Nous travaillons toute l'année, même si on aimerait réduire un peu notre charge de travail. La Bauge, par exemple, ce n’est pas quelque chose qu’on nous demande tout le temps. C’est plutôt une activité qui se fait au printemps et au début de l’automne. L’idéal serait de pouvoir gérer un projet en une seule fois, sans avoir à repartir sur une nouvelle saison. L'été, c’est surtout dédié aux ravalements. Ensuite, on a toujours des travaux annexes à faire, comme des réhabilitations, des ouvertures ou des interventions sur la maçonnerie. On essaie de réserver ces tâches, comme les reprises de maçonnerie sur les vieux bâtiments, pour l’hiver. Cependant, parfois, un ravalement implique des pathologies plus importantes, donc ce n’est pas seulement un ravalement, mais un travail de maçonnerie plus lourd, avec des carrés de chêne et beaucoup de maçonnerie. En réalité, il n’y a rien de mystérieux dans tout ça. On me dit souvent qu’il faut garder les enduits intérieurs pour l’hiver, mais ça ne fonctionne jamais comme ça. En fait, on est très contents de faire des enduits intérieurs, même en dehors de la saison.
Tu disais que désormais, ce sont les clients qui viennent à toi parce que la construction en terre est une spécialité. Qu'est-ce que tu pourrais transmettre à un jeune entrepreneur en bâtiment qui voudrait se lancer dans ce domaine, mais qui n'a pas encore de réseau ni de clientèle ? À partir de quel moment un projet peut-il commencer à fonctionner ?
Ce serait assez difficile pour moi de donner des conseils à quelqu'un qui voudrait se lancer dans ce domaine.
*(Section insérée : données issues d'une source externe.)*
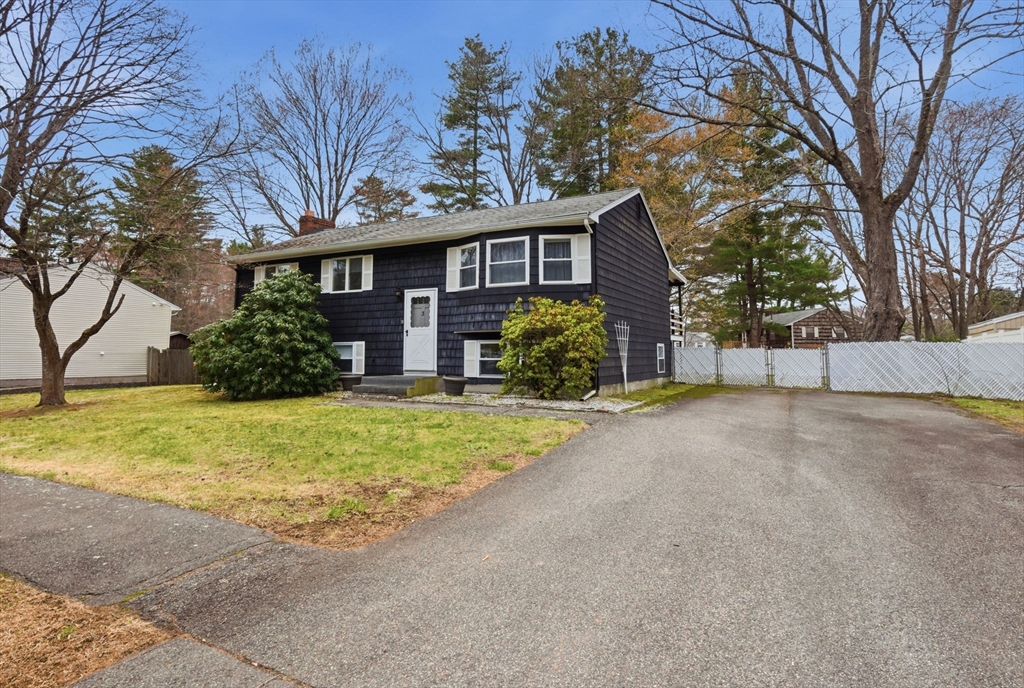 3 Hills Rd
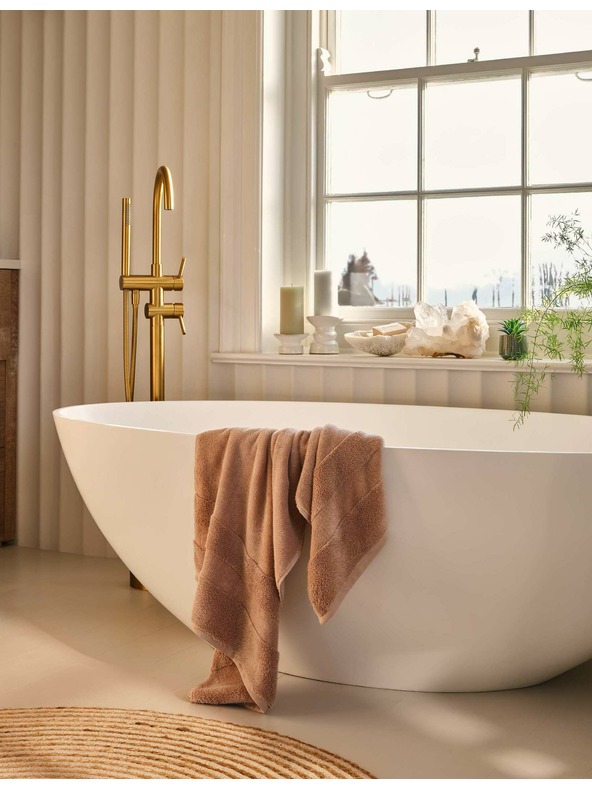 Marks & Spencer Zeleni umjetni mini sukulent u Marks & Spencer zelenoj keramičkoj posudi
L’avantage, ce qui pourrait orienter cette personne, c’est d’y croire réellement et de ne pas faire ça pour l’argent, car ce n’est pas un métier où l’on fait fortune. On fait ça avant tout parce qu’on y trouve un véritable intérêt. Et puis, bien travailler permet de retrouver d’autres chantiers. Aujourd’hui, ce qui est essentiel, c’est de bien communiquer sur Internet. C’est comme ça que ça fonctionne maintenant. Souvent, c’est un aspect que les maçons ont du mal à saisir : c’est difficile d’être à la fois un bon artisan et de maîtriser les réseaux sociaux. Quand on est entrepreneur, on est sollicité de toutes parts, on doit être bon dans de nombreux domaines. Il faut aussi savoir être bon en relationnel, pour être bienveillant avec ses ouvriers, et gérer tout un tas d’autres aspects. Que ce soit dans le travail de la terre ou autre chose, au final, c’est pareil. L’essentiel, c’est d’y croire et de savoir pourquoi on fait ce métier.